イエスは失望せずに常に祈るべきことを、人々に譬で教えられた。「ある町に、神を恐れず、人を人とも思わぬ裁判官がいた。ところが、その同じ町にひとりのやもめがいて、彼のもとにたびたびきて、『どうぞ、わたしを訴える者をさばいて、わたしを守ってください』と願いつづけた。彼はしばらくの間きき入れないでいたが、そののち、心のうちで考えた、『わたしは神をも恐れず、人を人とも思わないが、このやもめがわたしに面倒をかけるから、彼女のためになる裁判をしてやろう。そしたら、絶えずやってきてわたしを悩ますことがなくなるだろう』」。そこで主は言われた、「この不義な裁判官の言っていることを聞いたか。まして神は、日夜叫び求める選民のために、正しいさばきをしてくださらずに長い間そのままにしておかれることがあろうか。あなたがたに言っておくが、神はすみやかにさばいてくださるであろう。」[19]

あなたがたのうちのだれかに、友人があるとして、その人のところへ真夜中に行き、『友よ、パンを三つ貸してください。友だちが旅先からわたしのところに着いたのですが、何も出すものがありませんから』と言った場合、彼は内から、『面倒をかけないでくれ。もう戸は締めてしまったし、子供たちもわたしと一緒に床にはいっているので、いま起きて何もあげるわけにはいかない』と言うであろう。しかし、よく聞きなさい、友人だからというのでは起きて与えないが、しきりに願うので、起き上がって必要なものを出してくれるであろう。[20]

イエスは祈りの力について教えられました。祈りは答えられるものであこと、祈る時には、「神は全能であり、神が答え、行うことのできないものは何もない」と知ったうえで、信仰と信頼によって祈るべきことを教えられたのです。

もしあなたがたが信じて疑わないならば、このいちじくにあったようなことが、できるばかりでなく、この山にむかって、動き出して海の中にはいれと言っても、そのとおりになるであろう。また、祈のとき、信じて求めるものは、みな与えられるであろう。[21]

なんでも祈り求めることは、すでにかなえられたと信じなさい。
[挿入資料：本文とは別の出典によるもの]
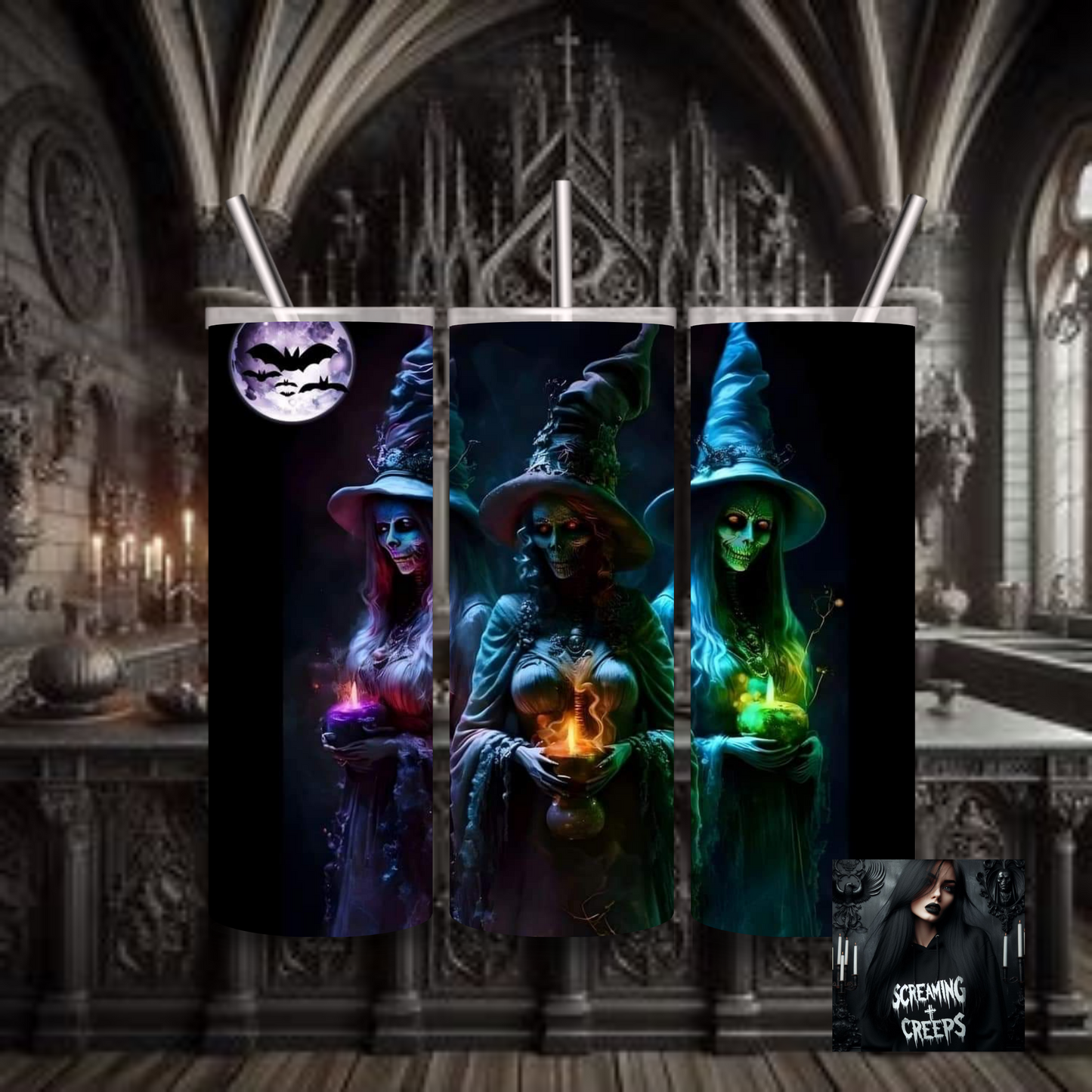 Mystifying Stainless Steel Tumbler with Witchy Aesthetic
そうすれば、そのとおりになるであろう。[22]

求めよ、そうすれば、与えられるであろう。捜せ、そうすれば見いだすであろう。門をたたけ、そうすれば、あけてもらえるであろう。すべて求める者は得、捜す者は見いだし、門をたたく者はあけてもらえるからである。あなたがたのうちで、父であるものは、その子が魚を求めるのに、魚の代りにへびを与えるだろうか。卵を求めるのに、さそりを与えるだろうか。このように、あなたがたは悪い者であっても、自分の子供には、良い贈り物をすることを知っているとすれば、天の父はなおさら、求めて来る者に聖霊を下さらないことがあろうか。 [23]

イエスは弟子たちに、誘惑や罪に陥ることのないよう注意して[訳注:日本語の聖書では「注意して」または「目をさまして」]祈るべきであることを説かれました。別の英訳聖書では、次の聖句の「watch yourselves(注意して)」という言葉が、「be on guard(警戒して)」、「take heed(用心して)」、「be careful(気をつけて)」、「be concerned(気にかけて)」と表記されています。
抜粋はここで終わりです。